» **Work to complete**: All lines from the one containing "Foto resep Ayam tumis brokoli mix sosis" through the final line of the records below should be reproduced exactly, with the pictures left out.

──────────

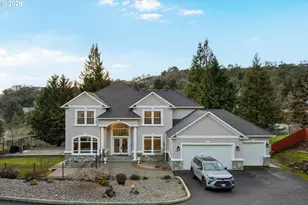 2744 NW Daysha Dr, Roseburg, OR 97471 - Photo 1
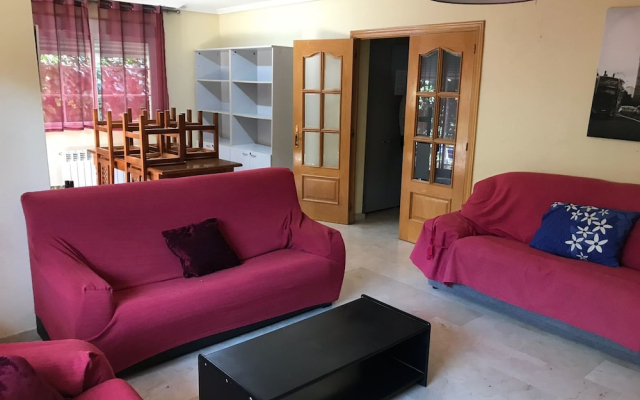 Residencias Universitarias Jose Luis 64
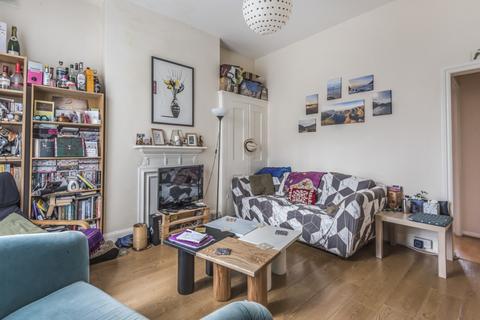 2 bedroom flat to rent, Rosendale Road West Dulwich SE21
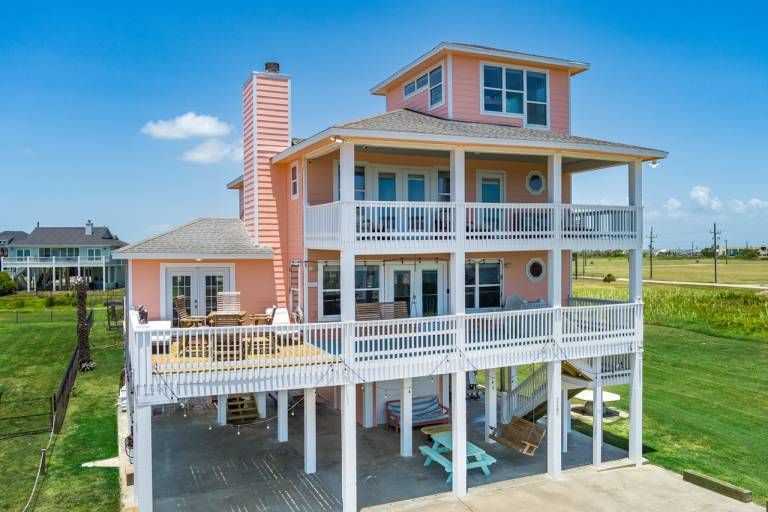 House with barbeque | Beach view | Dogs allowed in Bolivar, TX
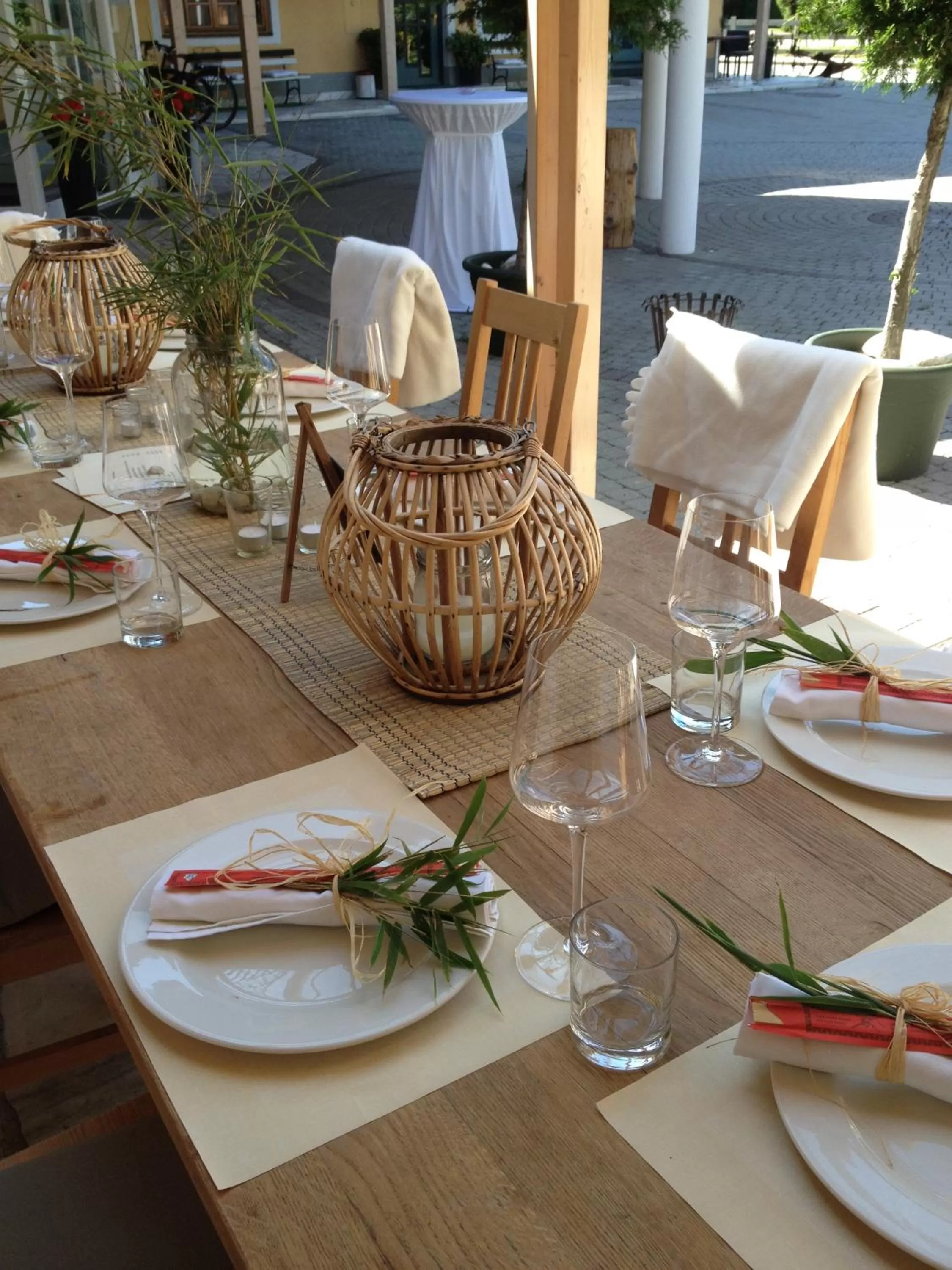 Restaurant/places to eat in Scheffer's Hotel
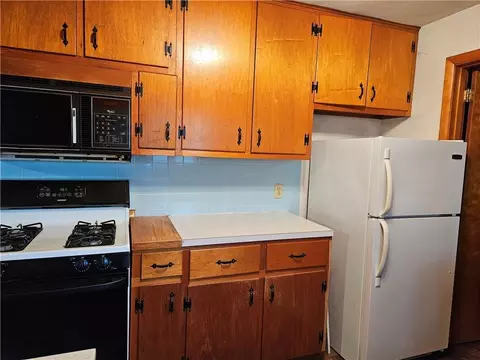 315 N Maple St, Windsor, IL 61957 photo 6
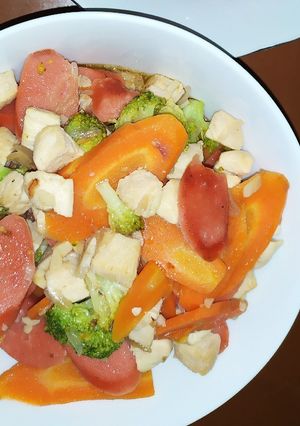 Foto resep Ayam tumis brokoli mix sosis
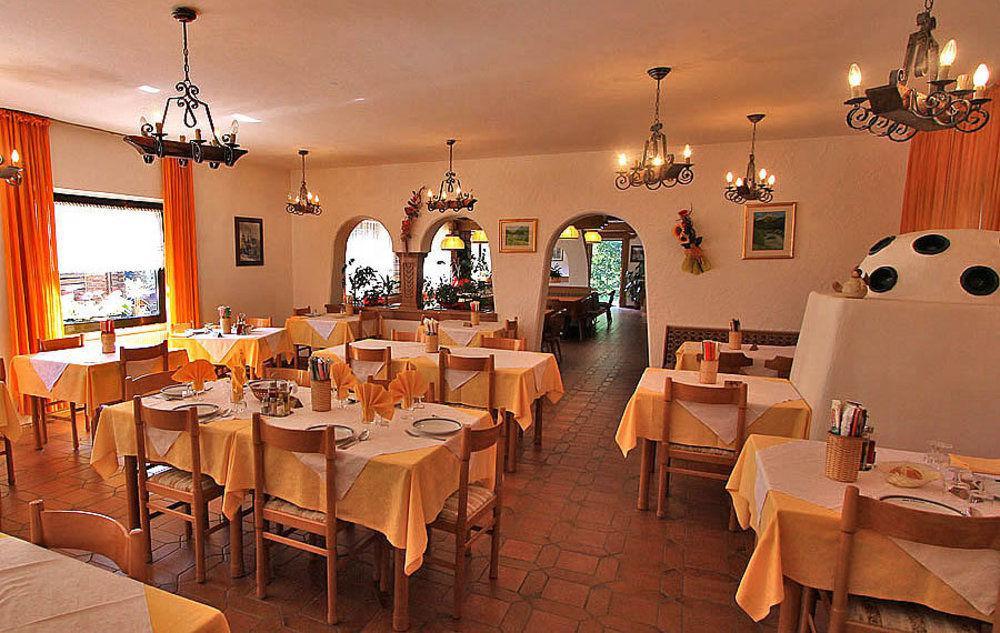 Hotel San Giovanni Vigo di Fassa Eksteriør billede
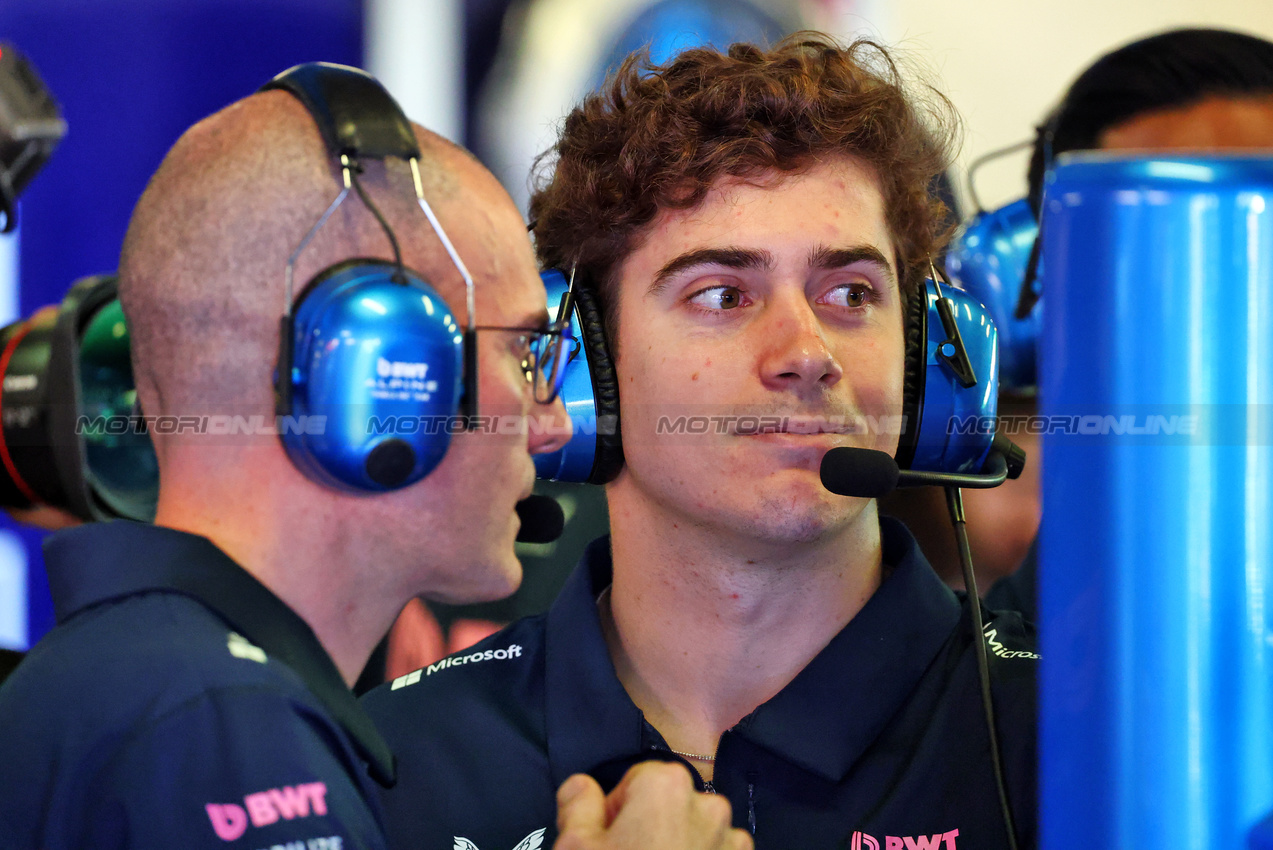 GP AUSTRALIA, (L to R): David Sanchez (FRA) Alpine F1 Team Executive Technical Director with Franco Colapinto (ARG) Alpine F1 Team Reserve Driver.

──────────

» **Answer box**:
 Foto resep Ayam tumis brokoli mix sosis
 Hotel San Giovanni Vigo di Fassa Eksteriør billede
 GP AUSTRALIA, (L to R): David Sanchez (FRA) Alpine F1 Team Executive Technical Director with Franco Colapinto (ARG) Alpine F1 Team Reserve Driver.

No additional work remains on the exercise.